Около трех десятилетий страна живет нормальной советской жизнью. Именно в этот период она приобретает те внешние и внутренние черты, которые определяют ее и поныне. Внешние – это города, дома, улицы и т.п., которые своей большой частью построены и устроены именно в те годы. Это – новая урбанистическая Россия, разместившаяся по-преимуществу не в деревне, как это было тысячу лет, но в городах и поселениях городского типа. Впервые в своей истории русские в своем большинстве перестали работать на земле и были вырваны из традиционного природного ритма. Таким образом, Россия перешла к своей Современности (Modernity). Не природа, а социальные условия города начали детерминировать судьбу и поведение человека.

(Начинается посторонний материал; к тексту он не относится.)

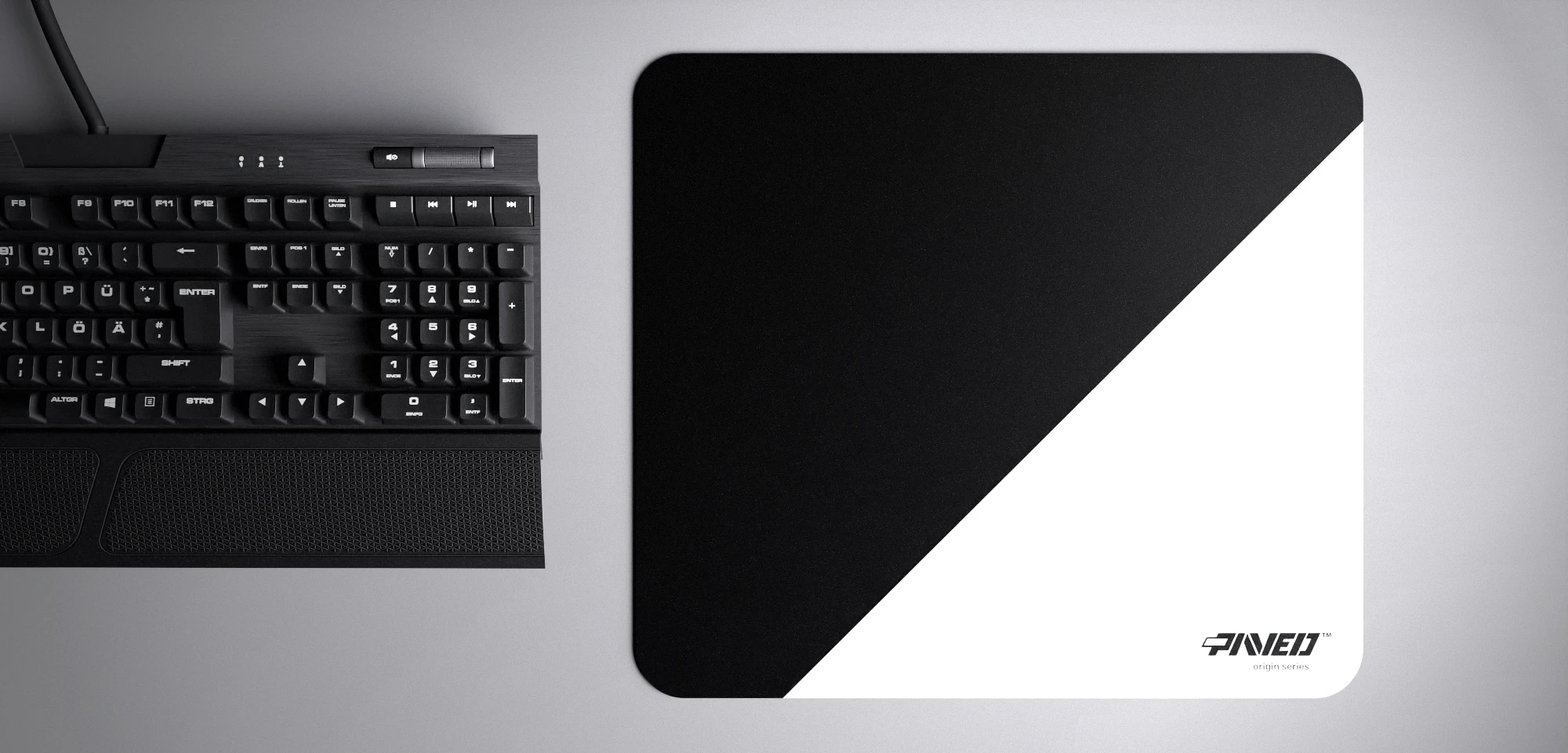 Top view of Polar Edge Runner M size mousepad 360mm x 320mm right-handed variant with diagonal split design in white and black, hydrophobic easy-to-clean surface with antimicrobial properties, shown with full-size mechanical keyboard for scale, 600% lighter with no rubbery odour base, durable stitch-free finish.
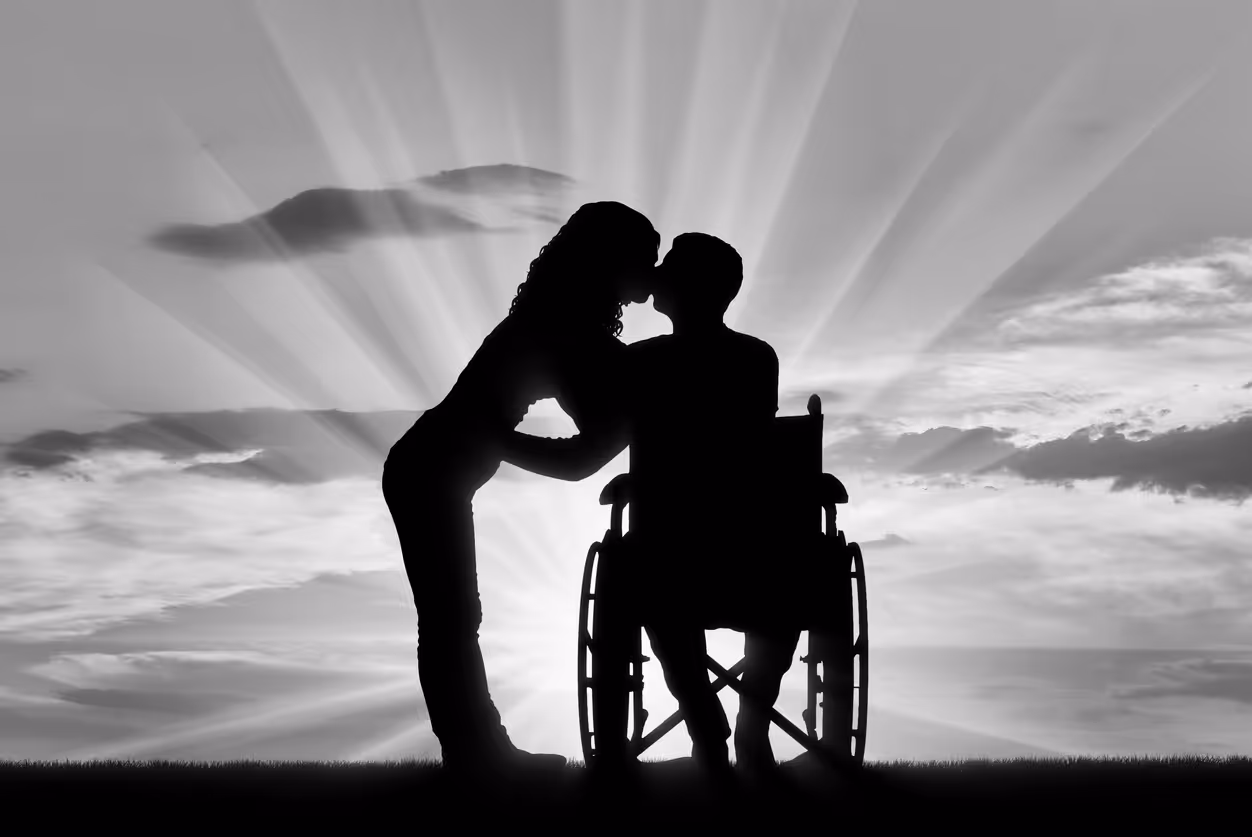 A couple kissing at sunset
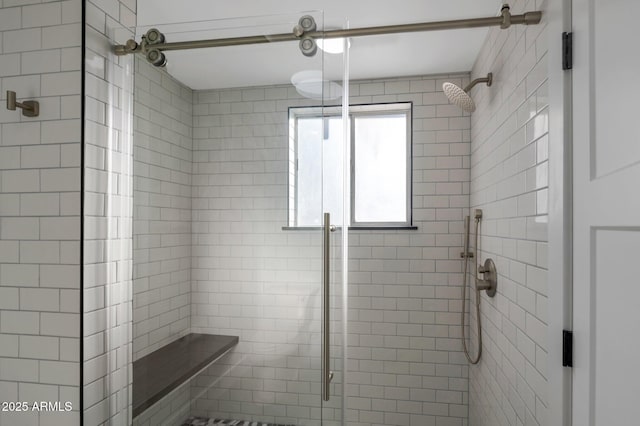 bathroom with a stall shower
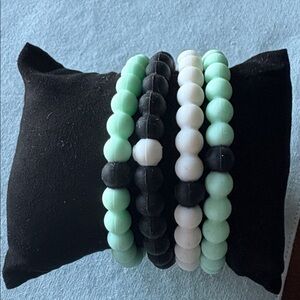 Set of 4 Stretch Mint Green, white, & Black Beaded Bracelets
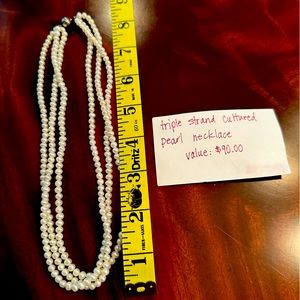 Custom made triple strand cultured pearl necklace.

Иначе говоря, русские вышли из круга органической естественной обусловленности и зависимости и вошли в круг других обусловленностей и зависимостей – разных, но главное – неприродных, неорганических.
В этом новом кругу и формируется русский массовый современный индивид и русское массовое современное общество. Поражение либерализирующейся, эмансипирующейся, плюралистической России в 1917–1920 гг. и было связано с отсутствием такого массового индивида, и, соответственно, такого массового общества. Несмотря на мощный социально-экономический подъем и громадные ментальные перемены в пореформенной России, к мировой войне все это еще не поспело. И в годину испытания не удержалось, не устояло. Этим Русская революция принципиально отличалась от хронологически предшествовавших ей европейских революций. Там уже существовало – пусть и в незрелых формах – современное массовое (и городское) общество.
Но русский модерный социум и русский модерный человек были (есть) в высшей степени специфическими. Воспитанные не в рамках религии, в условиях запрета на предпринимательство (в различных его обличиях), обязанные к «исповеданию» очень определенной идеологии (смеси наивного натурализма-материализма, элементов поверхностного гуманизма, провинциального социал-дарвинизма и фальшиво-оптимистического, наивного исторического телеологизма), оторванные от мейнстрима мировой культуры и социальной эволюции, они представляли (представляют) собой очень странный – наукой в общем-то, несмотря на все старания зиновьевых, левад, иностранцев, – малопонятый тип социальности. Его мы не встретим ни на Западе, ни на Востоке.